Bila memaksakan target lifting tinggi, ia menuturkan postur APBN bisa rusak. Dikatakannya kenyataan di lapangan, tak akan sesuai dengan harapan.
Berdasarkan data Kementerian ESDM, produksi minyak mengalami penurunan sejak empat tahun terakhir. Dari semula 948 ribu bph di 2009, produksi minyak mengalami penurunan di 2010 menjadi 945 ribu bph.
Ini terus terjadi hingga 2011, di mana produksi turun lagi hingga 901 ribu bph di 2011. Produksi terendah terjadi 2012 lalu sebesar 860 ribu bph.

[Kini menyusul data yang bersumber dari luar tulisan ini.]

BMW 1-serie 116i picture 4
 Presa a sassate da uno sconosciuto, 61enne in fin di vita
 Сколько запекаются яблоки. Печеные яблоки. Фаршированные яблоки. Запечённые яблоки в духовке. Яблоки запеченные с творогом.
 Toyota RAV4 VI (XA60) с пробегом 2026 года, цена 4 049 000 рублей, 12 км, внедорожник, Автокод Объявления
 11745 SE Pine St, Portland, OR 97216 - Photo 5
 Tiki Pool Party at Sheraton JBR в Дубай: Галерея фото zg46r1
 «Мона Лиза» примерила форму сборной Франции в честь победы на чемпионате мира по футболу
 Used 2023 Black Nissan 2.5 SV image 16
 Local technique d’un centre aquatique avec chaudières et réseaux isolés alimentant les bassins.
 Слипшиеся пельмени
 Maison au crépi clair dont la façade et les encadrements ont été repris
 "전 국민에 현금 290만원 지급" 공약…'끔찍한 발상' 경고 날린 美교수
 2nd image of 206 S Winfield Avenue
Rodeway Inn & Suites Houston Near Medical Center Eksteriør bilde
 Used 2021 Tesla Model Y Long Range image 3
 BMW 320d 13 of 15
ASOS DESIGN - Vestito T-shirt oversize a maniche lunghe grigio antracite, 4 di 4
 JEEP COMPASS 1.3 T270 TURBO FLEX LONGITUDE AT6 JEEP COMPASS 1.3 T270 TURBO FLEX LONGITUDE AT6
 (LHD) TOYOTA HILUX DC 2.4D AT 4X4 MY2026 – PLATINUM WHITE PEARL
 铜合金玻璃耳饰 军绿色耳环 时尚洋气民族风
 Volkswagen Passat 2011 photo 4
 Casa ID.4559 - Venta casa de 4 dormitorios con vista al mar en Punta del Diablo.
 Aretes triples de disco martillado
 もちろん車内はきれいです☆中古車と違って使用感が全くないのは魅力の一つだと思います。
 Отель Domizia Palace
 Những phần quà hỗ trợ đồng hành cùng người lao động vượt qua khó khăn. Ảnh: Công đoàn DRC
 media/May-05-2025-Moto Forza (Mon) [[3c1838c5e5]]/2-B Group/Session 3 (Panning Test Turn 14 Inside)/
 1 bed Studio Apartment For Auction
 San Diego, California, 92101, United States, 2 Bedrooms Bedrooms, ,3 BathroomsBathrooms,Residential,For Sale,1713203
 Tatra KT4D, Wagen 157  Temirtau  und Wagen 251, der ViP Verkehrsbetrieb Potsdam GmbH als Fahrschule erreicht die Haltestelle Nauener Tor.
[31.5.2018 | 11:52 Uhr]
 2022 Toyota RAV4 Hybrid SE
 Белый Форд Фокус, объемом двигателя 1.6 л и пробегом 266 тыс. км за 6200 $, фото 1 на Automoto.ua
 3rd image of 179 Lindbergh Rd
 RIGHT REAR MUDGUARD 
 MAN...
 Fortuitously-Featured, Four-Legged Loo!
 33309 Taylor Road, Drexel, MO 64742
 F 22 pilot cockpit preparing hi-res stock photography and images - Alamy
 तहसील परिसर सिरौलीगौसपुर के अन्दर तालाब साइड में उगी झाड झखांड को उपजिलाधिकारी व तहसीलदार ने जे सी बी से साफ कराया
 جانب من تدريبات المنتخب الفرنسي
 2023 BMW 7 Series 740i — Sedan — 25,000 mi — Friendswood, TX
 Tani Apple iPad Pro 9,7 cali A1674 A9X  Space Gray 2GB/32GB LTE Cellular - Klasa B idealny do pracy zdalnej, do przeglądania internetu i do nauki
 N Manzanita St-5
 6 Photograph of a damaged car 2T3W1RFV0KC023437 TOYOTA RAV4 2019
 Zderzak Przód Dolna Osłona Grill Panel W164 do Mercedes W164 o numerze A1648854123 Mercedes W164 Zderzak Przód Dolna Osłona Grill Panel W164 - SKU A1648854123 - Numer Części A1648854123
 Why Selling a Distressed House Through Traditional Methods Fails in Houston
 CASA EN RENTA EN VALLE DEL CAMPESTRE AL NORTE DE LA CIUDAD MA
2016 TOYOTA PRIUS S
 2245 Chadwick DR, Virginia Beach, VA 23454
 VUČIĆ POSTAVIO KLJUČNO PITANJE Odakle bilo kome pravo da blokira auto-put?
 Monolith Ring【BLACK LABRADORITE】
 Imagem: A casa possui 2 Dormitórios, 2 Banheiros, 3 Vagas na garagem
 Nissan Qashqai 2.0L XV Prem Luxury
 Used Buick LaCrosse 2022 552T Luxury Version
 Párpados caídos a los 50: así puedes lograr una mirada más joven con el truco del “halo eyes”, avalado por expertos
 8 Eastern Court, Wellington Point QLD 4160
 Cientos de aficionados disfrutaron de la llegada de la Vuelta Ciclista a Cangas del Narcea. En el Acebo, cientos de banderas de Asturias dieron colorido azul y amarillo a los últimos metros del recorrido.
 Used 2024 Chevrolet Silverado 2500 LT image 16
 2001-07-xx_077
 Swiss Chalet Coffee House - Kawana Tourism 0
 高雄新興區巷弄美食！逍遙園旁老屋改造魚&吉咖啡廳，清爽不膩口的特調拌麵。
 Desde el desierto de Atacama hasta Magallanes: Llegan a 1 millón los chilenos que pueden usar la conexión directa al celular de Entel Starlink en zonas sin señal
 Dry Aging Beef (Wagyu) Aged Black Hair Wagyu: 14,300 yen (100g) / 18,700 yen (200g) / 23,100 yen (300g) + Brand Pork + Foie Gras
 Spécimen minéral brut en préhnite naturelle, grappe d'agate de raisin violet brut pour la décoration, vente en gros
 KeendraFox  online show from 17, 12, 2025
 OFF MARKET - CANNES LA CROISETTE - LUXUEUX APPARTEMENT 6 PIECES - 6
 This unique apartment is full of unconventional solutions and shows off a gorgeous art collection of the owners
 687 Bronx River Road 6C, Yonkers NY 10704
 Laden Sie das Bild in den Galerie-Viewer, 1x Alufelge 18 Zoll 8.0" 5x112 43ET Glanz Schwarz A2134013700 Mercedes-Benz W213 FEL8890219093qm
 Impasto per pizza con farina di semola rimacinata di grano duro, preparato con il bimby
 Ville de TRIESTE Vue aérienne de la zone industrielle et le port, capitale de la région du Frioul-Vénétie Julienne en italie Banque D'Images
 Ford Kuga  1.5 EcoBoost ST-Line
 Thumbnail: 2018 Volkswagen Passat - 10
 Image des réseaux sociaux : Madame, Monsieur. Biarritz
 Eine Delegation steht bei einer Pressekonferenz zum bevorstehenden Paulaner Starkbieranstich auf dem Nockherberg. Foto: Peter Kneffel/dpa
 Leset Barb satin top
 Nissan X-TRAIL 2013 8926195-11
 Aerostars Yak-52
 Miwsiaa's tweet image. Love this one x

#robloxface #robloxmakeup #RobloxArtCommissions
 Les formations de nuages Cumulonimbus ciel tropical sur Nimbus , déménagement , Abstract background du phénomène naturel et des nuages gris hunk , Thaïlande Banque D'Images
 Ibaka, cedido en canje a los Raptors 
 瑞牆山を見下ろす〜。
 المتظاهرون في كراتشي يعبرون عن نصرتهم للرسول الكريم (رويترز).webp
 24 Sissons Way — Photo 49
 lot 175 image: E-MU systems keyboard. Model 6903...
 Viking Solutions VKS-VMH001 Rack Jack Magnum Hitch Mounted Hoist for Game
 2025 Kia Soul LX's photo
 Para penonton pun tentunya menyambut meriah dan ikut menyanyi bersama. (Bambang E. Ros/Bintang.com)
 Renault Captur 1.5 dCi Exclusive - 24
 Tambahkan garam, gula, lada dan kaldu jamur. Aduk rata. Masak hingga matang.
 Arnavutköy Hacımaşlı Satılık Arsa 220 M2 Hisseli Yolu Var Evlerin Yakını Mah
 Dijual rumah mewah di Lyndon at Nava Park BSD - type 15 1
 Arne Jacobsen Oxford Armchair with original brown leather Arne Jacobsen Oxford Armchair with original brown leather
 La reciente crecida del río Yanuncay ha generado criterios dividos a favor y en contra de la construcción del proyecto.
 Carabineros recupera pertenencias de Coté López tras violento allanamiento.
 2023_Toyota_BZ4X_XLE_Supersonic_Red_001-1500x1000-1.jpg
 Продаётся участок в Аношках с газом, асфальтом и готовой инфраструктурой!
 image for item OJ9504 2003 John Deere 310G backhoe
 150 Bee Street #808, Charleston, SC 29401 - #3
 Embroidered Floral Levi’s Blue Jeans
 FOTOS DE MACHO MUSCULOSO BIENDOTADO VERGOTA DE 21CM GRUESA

Penurunan terjadi karena umur sumur yang mulai uzur. Sumur yang mature membuat penurunan produksi bahkan mencapai 12 persen. Selain itu minimnya pengeboran eksplorasi menjadi penyebab.
Sementara, untuk target lifting gas bumi, SKK Migas mematok dikisaran 7.715 miliar british termal unit (BBTUD). Target ini lebih rendah dibanding target dalam APBN 2013 7.890 BBTUD.
Penurunan lifting migas kemungkinan akan membuat pendapatan negara hanya akan mencapai 27,9 hingga 29,5 miliar dolar AS. Sebelumnya, penerimaan dari sektor ini dipatol 31,7 miliar dolar AS.